Home Depot has not publicly commented on the reported transaction. However, if true, I think it would be a big boon both for the home improvement center and its shareholders.

What makes me so bullish on this reported deal? In a word, flexibility.

You see, if the transaction is consummated as reported and the company is able to raise $10 billion in greenbacks, it has a host of options that it didn't have before. For example, it could return some of the funds to shareholders in the form of a dividend. It could also use some of the money to repurchase shares.

I also suspect that some of the money could be used to ramp up advertising and promotions - to help the company steal back market share from Lowe's (NYSE: LOW). Almost certainly a percentage could be allocated to hire more staff.

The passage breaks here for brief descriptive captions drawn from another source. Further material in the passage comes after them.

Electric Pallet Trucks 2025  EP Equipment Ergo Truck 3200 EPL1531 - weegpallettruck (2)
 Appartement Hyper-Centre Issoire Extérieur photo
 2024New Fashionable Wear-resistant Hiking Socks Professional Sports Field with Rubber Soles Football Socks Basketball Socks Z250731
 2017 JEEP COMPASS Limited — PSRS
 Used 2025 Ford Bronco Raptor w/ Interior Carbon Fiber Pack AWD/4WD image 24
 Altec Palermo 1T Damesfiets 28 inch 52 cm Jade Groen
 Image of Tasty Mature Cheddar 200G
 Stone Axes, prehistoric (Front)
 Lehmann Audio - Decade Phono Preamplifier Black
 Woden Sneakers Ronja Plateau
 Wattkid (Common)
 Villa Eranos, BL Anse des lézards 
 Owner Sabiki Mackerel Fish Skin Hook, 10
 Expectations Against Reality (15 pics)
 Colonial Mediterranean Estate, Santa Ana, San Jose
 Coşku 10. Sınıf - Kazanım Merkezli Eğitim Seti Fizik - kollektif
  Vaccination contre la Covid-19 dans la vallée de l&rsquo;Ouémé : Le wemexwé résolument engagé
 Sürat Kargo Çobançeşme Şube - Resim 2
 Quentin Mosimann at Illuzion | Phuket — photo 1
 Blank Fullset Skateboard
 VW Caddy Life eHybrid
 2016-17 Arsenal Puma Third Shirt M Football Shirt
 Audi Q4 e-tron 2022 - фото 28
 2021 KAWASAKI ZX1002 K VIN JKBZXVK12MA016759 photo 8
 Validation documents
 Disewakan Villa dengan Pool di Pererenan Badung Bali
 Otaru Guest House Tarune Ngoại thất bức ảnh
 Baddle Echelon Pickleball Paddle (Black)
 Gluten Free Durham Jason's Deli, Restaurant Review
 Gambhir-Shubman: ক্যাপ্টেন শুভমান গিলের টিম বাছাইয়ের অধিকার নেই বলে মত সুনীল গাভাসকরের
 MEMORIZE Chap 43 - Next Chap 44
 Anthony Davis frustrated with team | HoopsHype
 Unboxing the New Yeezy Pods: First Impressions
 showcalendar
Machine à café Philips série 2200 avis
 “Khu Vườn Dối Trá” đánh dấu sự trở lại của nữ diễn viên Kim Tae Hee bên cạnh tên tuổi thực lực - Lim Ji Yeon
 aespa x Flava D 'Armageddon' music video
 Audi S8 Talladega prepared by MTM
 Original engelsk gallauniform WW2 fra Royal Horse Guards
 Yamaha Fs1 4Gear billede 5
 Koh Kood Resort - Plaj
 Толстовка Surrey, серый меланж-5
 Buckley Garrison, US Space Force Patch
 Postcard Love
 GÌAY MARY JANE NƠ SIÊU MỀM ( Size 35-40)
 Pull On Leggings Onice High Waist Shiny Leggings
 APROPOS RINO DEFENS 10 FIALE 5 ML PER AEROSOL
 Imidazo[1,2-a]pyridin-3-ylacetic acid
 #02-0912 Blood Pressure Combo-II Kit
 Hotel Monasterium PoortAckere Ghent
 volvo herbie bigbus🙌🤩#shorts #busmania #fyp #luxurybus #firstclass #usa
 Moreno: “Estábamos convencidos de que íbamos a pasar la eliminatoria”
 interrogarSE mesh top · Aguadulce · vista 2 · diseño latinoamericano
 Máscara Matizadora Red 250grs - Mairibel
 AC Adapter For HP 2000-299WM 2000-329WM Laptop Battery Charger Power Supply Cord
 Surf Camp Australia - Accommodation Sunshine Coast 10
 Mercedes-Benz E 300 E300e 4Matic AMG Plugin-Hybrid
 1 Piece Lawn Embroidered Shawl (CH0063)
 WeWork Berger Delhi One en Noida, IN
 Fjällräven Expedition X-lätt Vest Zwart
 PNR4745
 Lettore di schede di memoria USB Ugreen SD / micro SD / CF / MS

This could be the huge catalyst that analysts and investors have long been waiting for. (To learn more on Catalysts, read Trading On News Releases.)

Stock Price Remains Flat
There has been very little movement in the stock so far. I think people are focusing on the weak housing numbers, and the growing reluctance among consumers to part with their hard earned money. Furthermore, I think a significant number of investors were turned off by Home Depot's ex-CEO Bob Nardelli, and his inability, or unwillingness, to unlock shareholder value.

But again, if a deal is completed, I suggest this will all change. It would prove that current CEO Frank Blake and his team are seriously focused on driving the stock price higher.

Other Attractive Features
There are some other things that I like about Home Depot. For example, according to its latest financials, it's got roughly $37 billion in cash, short term investments, and property and equipment combined. That equates to about $18 per share in some pretty hard assets.

Then there is the roughly $7 per share it has tied up in inventories. Don't forget about the value of its vast geographic footprint, and its household name. In the grand scheme of things, investors have placed very little value on the future earnings potential of the company.

Sears Merger?
Finally, there's the Sears (Nasdaq: SHLD) wild card. As I mentioned in an article back in early May, some have speculated that Sears and Home Depot might join forces. (To read the full article, see Sears On The Prowl?.)

The logic being that the combined entity could probably save a fortune on distribution, since both companies operate in many of the same markets. One could also argue that the combined company would also have much more leverage over vendors.


Now, is a combination with Sears imminent? I don't think so. But, as I mentioned in my previous article, both companies are going through a bit of a rough patch and are under pressure from their shareholders to unlock as much value in as little time as possible. So, you never know.

The Bottom Line
To be perfectly clear, I'm not suggesting that this is the time to go headlong into Home Depot stock. However, I am going to keep my eyes on the stock, because once the housing market does look like its leveling off, I'll want to pounce.

Home Depot is a solid company; it's simply a matter of timing an entry point.